For Southwest Airlines CEO Gary Kelly, the new year 2016 isn't starting out any better on the labor front than last year ended.
Late Monday the Southwest Airlines Pilots' Association (SWAPA) said Captain Jon Weaks had been elected new president of a union that represents more than 8,000 pilots who fly for the low-fare behemoth. The largest number of SWAPA members, approximately 1,100, are domiciled in Chicago, where Southwest also has its largest hub, at Midway Airport.Weaks, who ran unopposed and received 95.7 percent of the vote, replaces Captain Paul Jackson who abruptly resigned his post effective Dec. 31, 2015.
Jackson's decision to step down in the wake of the rejection of a proposed new contract was viewed as a surprising and very unusual move within SWAPA and by members of other Southwest labor groups.
Hours into his new role, Weaks already is talking tough, suggesting he will be no pushover when it comes to bargaining for a new contract to replace the current one ratified in November of 2009.
Noted Weaks: "I am excited to lead this pilot group in 2016, as we face a different Company mentality than we have seen over the years. This upper management approach to labor has left us disillusioned and bewildered. Despite this, I can assure that what we ask of the Company is rational and justified. We want to give them ample opportunity to regain our trust."
Southwest pilots, who wield considerable power within the airline's overall labor structure, are but one of several key labor groups at Southwest who start 2016 with no sign of a labor deal in sight.
Southwest flight attendants overwhelmingly voted down a proposed contract last July, and sources say little or no progress has been made since then at the bargaining table. Southwest ramp agents and maintenance technicians also have been trying for years to get a new contract at Southwest.

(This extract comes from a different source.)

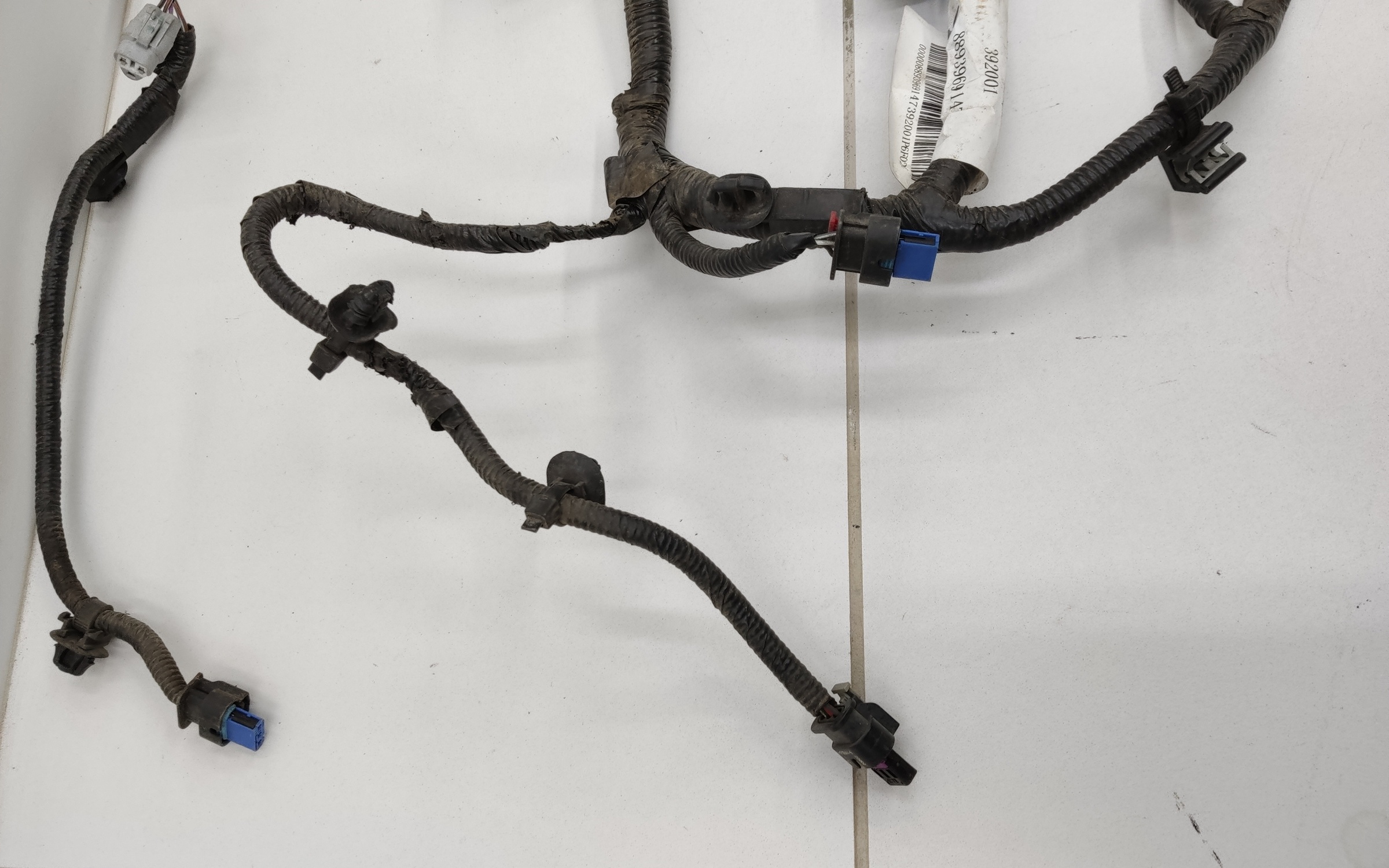 Проводка заднего бампера Geely Tugella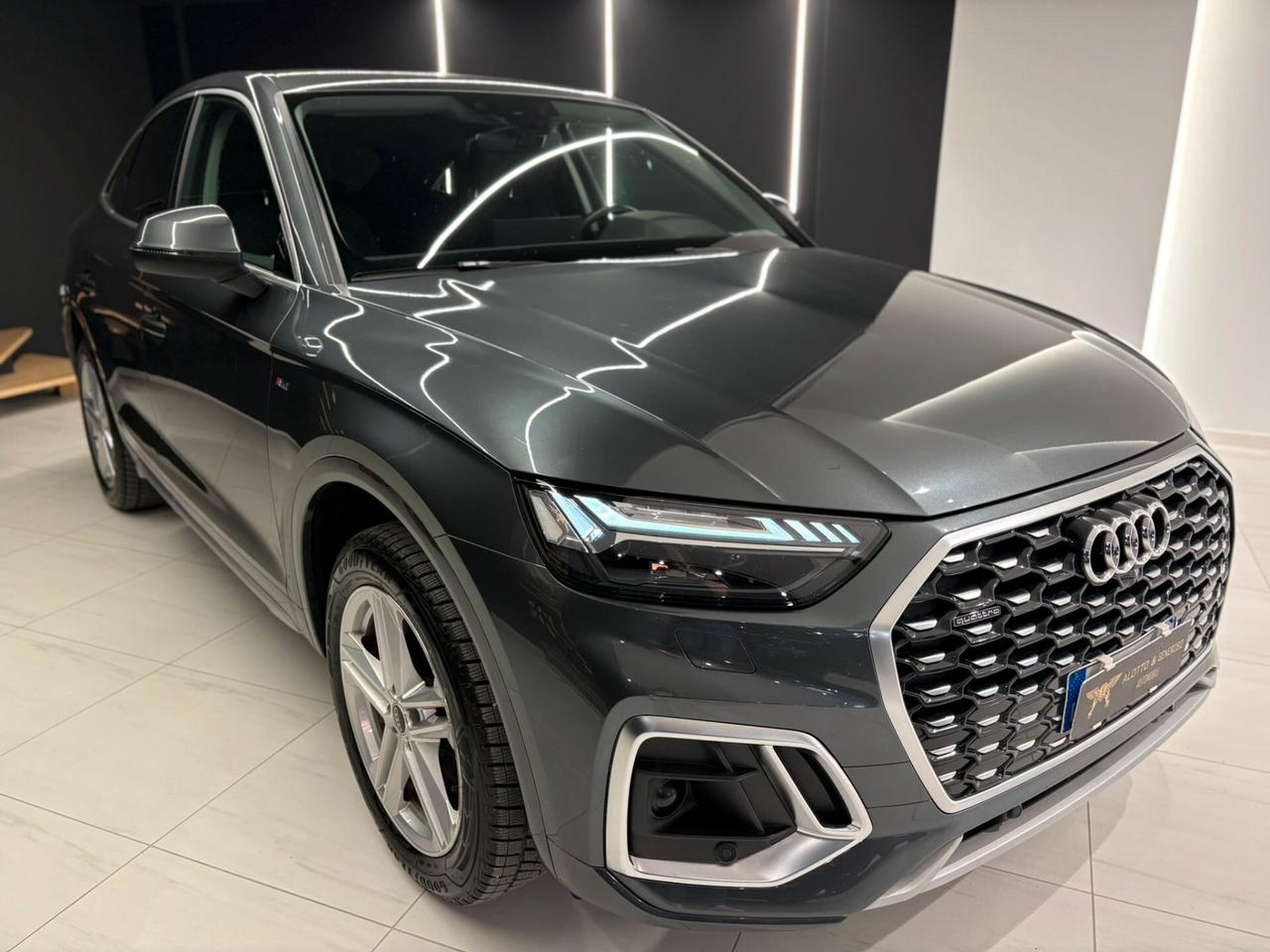 Audi Q5 40TDI 204 CV quattro S tronic line 2022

Though respectful of his labor groups in his public pronouncements, Kelly no longer appears to be moving quite so quickly to resolve his labor issues after a couple of major and very public setbacks last year.
Weaks is no stranger to heading the powerful Southwest pilots union. He previously was president from 2001 to 2002, and was a domicile representative for Oakland, California, pilots from 1998 to 1999, and for Las Vegas, Nevada, pilots in 2015. Weaks is domiciled in Las Vegas.
The record profits Southwest has racked up in recent years will apparently be a major issue if and when the pilots and Southwest management return to the bargaining table. Added Weaks: "After three long years and record profits, a new contract is long overdue. We want to make flying for Southwest the first choice for every pilot, and we hope the Company does as well."
A SWAPA spokesman said there have been no bargaining sessions since a proposed contract was voted down in early November, and no talks are currently scheduled.